With respect to the alleged partial liquidation in 1937, it should be noted that petitioner neither intended to nor did in fact contract its business so as to be able to operate with reduced capital. Petitioner's business was increasing. Its sales were one-third greater than in the preceding year; its inventories increased from $262,866.56, as of December 31, 1936, to $379,385.21, as of December 31, 1937. During 1937, petitioner made additions to its plant and equipment in the amount of $75,025.21, which was the largest investment it *49 had made to enlarge its plant. In 1939 it had expended $33,728.25 for additions to plant and equipment. Petitioner was, in fact, in a period of expansion. The alleged reduction of capital was not bona fide. Petitioner did not release $176,000 of capital upon the surrender of the preferred stock in 1937. Furthermore, it is clear that petitioner actually needed all of its working capital in 1937.

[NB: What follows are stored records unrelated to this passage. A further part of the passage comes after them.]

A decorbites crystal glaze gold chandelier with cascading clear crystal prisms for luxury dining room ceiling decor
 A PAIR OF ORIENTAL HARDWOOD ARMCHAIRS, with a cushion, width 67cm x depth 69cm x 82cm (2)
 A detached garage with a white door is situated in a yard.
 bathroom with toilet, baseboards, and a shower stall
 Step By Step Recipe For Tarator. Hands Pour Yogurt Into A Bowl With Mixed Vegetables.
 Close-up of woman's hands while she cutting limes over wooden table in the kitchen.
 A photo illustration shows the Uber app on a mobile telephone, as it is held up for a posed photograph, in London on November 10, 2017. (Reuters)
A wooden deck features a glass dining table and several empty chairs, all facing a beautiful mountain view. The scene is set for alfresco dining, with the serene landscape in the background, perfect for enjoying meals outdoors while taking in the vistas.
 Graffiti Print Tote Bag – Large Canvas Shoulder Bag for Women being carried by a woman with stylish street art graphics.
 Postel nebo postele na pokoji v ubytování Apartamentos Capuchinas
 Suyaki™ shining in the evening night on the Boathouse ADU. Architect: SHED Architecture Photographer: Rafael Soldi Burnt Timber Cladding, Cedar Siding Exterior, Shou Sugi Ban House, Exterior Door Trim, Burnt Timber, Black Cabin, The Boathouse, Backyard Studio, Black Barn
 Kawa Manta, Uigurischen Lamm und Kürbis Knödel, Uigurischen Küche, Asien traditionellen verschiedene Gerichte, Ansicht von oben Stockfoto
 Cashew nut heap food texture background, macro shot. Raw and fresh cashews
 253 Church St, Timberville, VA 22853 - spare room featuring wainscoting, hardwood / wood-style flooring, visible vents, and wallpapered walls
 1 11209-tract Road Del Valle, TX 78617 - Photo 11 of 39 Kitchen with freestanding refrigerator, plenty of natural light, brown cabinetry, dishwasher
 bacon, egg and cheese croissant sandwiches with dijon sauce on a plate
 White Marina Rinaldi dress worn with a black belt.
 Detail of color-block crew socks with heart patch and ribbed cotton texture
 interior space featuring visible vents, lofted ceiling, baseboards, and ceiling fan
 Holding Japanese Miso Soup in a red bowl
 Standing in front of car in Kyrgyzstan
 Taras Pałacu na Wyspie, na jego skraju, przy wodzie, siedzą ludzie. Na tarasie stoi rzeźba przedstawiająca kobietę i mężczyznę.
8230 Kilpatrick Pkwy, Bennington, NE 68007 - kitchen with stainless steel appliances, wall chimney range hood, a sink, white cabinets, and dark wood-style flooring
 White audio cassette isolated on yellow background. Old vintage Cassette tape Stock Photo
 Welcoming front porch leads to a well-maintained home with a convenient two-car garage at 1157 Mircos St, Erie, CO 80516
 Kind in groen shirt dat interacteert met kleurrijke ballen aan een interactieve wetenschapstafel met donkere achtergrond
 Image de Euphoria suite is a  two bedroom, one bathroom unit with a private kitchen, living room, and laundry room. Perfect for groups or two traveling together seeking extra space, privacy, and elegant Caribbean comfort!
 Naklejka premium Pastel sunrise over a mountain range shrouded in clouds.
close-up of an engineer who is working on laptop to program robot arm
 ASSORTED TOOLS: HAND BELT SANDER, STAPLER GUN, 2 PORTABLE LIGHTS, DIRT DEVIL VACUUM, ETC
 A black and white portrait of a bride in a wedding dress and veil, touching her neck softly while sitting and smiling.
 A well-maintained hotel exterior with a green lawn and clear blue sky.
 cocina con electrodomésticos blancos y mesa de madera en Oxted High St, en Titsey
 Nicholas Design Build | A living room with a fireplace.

Upon consideration of all of the evidence it is held that the transaction in February 1937 did not create a debtor-creditor relation between petitioner and its stockholders, and the alleged payments of interest in the taxable years on the so-called indebtedness of $176,000 were not interest. It is held, further, that the payments in question constituted dividends. Respondent's determination under this issue is sustained.
Petitioner filed an amendment to its petition and claimed that it overstated its income for the fiscal year ended in 1940 by the amount of $10,000. Respondent did not file an answer to the amendment. He stated at the hearing that it was not necessary. In the notice of deficiency it appears that respondent excluded $10,000 from taxable income. There is no issue before *50 us on this point. Perhaps petitioner's reason for covering this item in an amendment to the petition constitutes a way of asserting that it has overpaid tax for the year ending in 1940. Whatever the result may be, in view of our conclusion on the issues presented, will be made clear in a recomputation of petitioner's tax liability under Rule 50.
Decision will be entered under Rule 50.